Have your coffee ground very fine and use a French drip coffee-pot.

Instead of pouring through water, pour milk through, brought just to the

boiling point. The milk passes through slowly, and care must be taken

not to let scum form on the milk.





Add and mix one pound of coffee finely ground, with one egg and enough

cold water to thoroughly moisten it, cover and let stand several hours.

Place in thin bag and drop in seven quarts of boiling water. Boil five

minutes, let stand ten minutes. Add cream to coffee and serve.

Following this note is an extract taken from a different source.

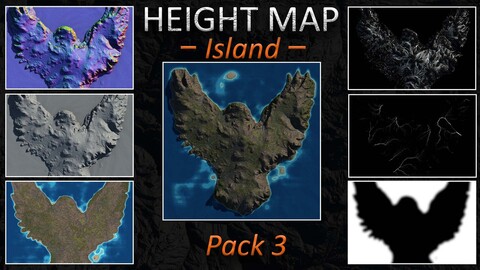 78 terrain maps landscapes of the islands VOL.3 | 2K | 4K | 8K |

After-dinner coffee is made double the strength of boiled coffee and is

served without cream or milk.





Mix two tablespoons prepared cocoa with two tablespoons of sugar and a

few grains of salt, dilute with one-half cup of boiling water to make a

smooth paste, then add one-half cup of boiling water and boil five

minutes, turn into three cups of scalded milk and beat two minutes,

using Dover beater and serve.





Stir one cup of boiling water gradually onto two tablespoons of cocoa,

two tablespoons of sugar and one teaspoon of cornstarch, a few grains of

salt (that have been well mixed) in a saucepan; let boil five minutes,

stirring constantly. Heat three cups of milk in a double boiler, add the

cocoa mixture and one-half teaspoon of vanilla; beat with egg-beater

until foamy and serve hot in chocolate cups, with a tablespoon of

whipped cream on top of each cup, or take the cheaper marshmallows,

place two in each cup and fill cups two-thirds full of hot cocoa.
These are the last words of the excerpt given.